Le combat contre ce qu’on considère comme de l’arrogance devient une ruse politique. Comment et pourquoi ? Simplement parce que la politique prend le visage de la morale et la norme « respect » se substitue à la valeur liberté pour légitimer la sanction. Ce choix est plus productif que de proposer l’abdication et la soumission qui ne sont plus de saison. Il faut alors faire payer les arrogants, même si on doit perdre de vue les maux structurels de la société !

II. Politique du bouc-émissaire ou autocritique collective ?

Si « Tous ont mangé sans retenue l’inmangeable et bu l’imbuvable jusqu’à en devenir sourds et ivres morts », pour parler comme Akmel Jean-Marie (Le cliché mystique de la guerre en Côte d’Ivoire, 2002, cité par Marie Miran-Guyon, Guerres mystiques en Côte d’Ivoire, Karthala, 2015), alors tous méritent de se retrouver en enfer.
Notre société parait donc avoir le choix entre une autocritique collective qui s’écarte de cette métaphysique, ce qu’on peut faire, et une politique du bouc-émissaire qui la poursuit, ce qu’on fait.

Je continue de penser que nous sommes une société en transition avec tous les problèmes qui viennent avec ce statut. Si nous ne cherchons pas à comprendre l’ordre colonial avec sa logique de mise en valeur, nous ne saurons pas mener les débats qui ont cours :
– La question de l’identité : après avoir dit qu’elle était un « faire face », aujourd’hui R. Debray propose le modèle du tisserand qui utilise des fils de couleurs différentes, en apprenant « à unir sans mélanger, fondre sans confondre » et invoque un « devoir de lucidité »),

– L’ivoirité : on n’en parle plus mais le concept va resurgir avec le progrès des contradictions internes au RHDP,
– L’exclusion : on l’invoque sur un mode incantatoire au lieu de discuter des modalités de l’inclusion sociale et politique dès lors qu’il y a un rapport entre migration, immigration, économie, environnement et démocratie,

– Division et opposition Nord/Sud : regardons vers le Ghana, le Togo, le Bénin, le Nigéria, le Cameroun … pour voir qu’il ne s’agit pas d’un problème exclusivement ivoirien,
– Critique du patriotisme, du nationalisme et même de la nation sans leur substituer un panafricanisme crédible.
On s’acharne sur les conséquences pour disqualifier ceux qui en seraient responsables et on ferme les yeux sur les causes qui peuvent continuer de nuire.
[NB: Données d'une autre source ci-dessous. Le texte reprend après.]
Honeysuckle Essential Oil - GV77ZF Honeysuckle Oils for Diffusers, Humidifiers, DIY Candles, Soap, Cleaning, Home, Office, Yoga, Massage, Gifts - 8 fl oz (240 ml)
C’est le thermomètre qu’il faut culpabiliser et briser !

Pour toutes ces questions, Gbagbo est le coupable principal en tant qu’acteur ou complice. On a d’autant plus de raison de l’incriminer que nous étions « aux portes du paradis » et que nous y sommes de nouveau, selon un journaliste de Frat-Mat. L’acharnement de Venance Konan, une autre vedette de Frat-Mat, a été tel qu’il avoue que sa « créativité tomba brusquement lorsque Laurent Gbagbo fut arrêté » (Chroniques des années de braise, p.8).

Sa présidence viendra l’enfoncer dans la culpabilité et le même journaliste génial parlera de « personnes inexpertes » et d’incurie (19-21 mai 2018). Naturellement, à force de vouer les autres aux gémonies, il ne peut percevoir à quel point il est frustrant de se trouver aux portes du paradis sans y entrer ! Il met entre parenthèses l’année 1999 parce qu’elle viendrait faire s’effondrer son montage historique.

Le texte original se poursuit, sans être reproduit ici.